# EXERCISE DESCRIPTION
Read through the entries below and return each line with the word "Happy".

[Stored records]
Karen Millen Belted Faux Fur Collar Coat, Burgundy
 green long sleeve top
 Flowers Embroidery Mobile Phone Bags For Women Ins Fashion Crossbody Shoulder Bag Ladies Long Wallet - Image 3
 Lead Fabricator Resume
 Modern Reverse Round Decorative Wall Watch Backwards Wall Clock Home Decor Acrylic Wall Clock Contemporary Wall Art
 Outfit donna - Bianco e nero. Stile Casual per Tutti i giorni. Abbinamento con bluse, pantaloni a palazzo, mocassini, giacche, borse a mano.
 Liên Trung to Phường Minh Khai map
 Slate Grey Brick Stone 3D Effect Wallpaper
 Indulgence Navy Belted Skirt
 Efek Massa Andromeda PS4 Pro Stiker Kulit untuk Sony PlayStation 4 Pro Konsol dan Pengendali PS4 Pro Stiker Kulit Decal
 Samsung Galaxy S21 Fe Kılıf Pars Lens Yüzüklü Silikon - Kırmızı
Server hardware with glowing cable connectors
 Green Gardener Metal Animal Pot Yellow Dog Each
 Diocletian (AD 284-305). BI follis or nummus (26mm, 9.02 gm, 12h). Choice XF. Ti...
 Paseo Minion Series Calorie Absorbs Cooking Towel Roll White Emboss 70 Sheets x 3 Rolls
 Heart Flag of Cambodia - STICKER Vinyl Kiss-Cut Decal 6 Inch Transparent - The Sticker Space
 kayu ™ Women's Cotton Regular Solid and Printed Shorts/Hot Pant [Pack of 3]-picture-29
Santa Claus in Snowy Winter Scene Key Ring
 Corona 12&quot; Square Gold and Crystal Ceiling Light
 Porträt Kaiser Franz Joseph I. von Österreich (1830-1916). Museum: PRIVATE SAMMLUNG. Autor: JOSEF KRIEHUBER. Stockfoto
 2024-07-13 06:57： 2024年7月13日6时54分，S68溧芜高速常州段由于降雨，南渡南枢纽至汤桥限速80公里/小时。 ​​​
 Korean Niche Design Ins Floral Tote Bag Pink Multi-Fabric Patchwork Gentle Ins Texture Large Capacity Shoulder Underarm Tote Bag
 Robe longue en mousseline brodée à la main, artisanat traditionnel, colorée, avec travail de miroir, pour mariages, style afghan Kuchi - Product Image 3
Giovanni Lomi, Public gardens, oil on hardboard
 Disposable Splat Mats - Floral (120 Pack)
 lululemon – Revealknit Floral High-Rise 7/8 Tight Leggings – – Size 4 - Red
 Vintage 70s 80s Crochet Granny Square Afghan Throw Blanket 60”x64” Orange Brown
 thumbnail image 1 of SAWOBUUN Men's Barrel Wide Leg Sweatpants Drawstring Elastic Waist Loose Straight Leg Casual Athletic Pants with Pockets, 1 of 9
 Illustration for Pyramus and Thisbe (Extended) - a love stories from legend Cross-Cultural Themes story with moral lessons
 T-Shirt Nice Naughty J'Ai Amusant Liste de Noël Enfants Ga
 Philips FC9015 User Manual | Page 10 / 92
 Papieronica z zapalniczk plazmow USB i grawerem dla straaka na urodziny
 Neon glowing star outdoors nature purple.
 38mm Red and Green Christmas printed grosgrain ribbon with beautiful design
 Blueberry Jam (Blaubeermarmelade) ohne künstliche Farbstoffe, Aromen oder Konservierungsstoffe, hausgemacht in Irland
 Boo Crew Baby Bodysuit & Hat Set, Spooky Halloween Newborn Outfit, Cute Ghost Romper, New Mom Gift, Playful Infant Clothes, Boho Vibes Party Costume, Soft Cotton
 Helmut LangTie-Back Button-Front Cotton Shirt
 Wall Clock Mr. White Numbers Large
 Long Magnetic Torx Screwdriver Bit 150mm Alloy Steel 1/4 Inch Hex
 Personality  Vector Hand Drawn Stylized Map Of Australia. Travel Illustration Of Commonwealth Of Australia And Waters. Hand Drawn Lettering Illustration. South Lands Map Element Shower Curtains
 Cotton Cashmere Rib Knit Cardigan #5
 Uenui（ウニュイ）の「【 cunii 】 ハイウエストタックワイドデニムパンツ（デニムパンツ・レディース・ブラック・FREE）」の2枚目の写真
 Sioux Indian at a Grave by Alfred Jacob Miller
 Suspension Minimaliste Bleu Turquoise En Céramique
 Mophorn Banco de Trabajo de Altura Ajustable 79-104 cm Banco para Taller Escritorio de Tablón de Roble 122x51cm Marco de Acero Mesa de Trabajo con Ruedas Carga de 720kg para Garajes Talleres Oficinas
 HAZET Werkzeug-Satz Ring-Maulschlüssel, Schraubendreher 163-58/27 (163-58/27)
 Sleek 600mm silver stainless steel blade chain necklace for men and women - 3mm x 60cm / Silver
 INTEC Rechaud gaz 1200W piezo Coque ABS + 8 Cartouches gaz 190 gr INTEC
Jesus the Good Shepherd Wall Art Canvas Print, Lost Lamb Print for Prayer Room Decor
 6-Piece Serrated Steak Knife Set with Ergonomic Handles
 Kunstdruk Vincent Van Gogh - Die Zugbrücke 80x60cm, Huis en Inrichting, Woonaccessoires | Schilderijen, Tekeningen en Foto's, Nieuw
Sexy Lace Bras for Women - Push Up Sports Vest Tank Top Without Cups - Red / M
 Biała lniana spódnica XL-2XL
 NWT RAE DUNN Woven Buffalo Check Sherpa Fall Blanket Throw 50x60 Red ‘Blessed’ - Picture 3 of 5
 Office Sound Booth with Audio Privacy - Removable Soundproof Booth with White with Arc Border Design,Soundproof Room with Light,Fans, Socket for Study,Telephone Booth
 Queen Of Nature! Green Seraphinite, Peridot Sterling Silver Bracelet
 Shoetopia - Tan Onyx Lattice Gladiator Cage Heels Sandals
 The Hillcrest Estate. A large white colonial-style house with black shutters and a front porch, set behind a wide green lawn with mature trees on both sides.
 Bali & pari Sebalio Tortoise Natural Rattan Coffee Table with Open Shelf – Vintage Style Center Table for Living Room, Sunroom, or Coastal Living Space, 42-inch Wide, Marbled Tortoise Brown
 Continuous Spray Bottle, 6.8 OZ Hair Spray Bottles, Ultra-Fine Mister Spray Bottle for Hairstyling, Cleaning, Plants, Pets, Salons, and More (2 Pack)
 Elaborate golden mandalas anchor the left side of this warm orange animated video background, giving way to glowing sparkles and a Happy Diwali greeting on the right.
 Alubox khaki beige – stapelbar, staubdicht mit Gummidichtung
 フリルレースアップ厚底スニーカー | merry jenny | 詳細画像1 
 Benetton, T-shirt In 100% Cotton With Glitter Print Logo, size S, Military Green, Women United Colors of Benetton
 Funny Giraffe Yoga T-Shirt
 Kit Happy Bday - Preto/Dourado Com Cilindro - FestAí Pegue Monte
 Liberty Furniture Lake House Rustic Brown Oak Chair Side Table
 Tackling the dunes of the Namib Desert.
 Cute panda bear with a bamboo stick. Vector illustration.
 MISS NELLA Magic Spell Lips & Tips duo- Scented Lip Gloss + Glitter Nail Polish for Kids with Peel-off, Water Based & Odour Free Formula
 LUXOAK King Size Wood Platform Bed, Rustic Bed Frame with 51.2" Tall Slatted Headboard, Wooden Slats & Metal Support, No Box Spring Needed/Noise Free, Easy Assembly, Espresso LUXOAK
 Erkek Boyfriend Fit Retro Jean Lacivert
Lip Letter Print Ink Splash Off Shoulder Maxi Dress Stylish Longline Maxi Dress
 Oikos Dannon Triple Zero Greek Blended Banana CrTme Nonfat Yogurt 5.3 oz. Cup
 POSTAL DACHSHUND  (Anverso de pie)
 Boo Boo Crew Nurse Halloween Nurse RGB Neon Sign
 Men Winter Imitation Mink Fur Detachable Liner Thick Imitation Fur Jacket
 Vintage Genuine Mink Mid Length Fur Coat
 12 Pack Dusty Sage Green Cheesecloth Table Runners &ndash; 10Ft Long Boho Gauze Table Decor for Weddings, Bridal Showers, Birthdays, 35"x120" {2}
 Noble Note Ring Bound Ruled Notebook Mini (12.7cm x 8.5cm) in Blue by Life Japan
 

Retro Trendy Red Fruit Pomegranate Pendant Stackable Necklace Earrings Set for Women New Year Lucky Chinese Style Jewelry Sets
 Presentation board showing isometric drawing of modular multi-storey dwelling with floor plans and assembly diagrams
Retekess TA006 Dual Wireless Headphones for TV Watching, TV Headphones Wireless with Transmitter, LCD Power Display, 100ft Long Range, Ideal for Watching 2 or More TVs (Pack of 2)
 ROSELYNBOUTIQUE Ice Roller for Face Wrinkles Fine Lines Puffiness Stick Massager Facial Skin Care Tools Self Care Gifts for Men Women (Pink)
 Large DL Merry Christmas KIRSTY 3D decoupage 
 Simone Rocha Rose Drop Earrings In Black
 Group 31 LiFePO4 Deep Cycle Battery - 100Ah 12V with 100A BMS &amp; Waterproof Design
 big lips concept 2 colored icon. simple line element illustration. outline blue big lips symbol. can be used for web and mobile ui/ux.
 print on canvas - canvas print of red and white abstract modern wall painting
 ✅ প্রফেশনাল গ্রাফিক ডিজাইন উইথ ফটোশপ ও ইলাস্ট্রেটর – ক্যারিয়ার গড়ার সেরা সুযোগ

# RESPONSE TO THIS TASK
 Elaborate golden mandalas anchor the left side of this warm orange animated video background, giving way to glowing sparkles and a Happy Diwali greeting on the right.
 Kit Happy Bday - Preto/Dourado Com Cilindro - FestAí Pegue Monte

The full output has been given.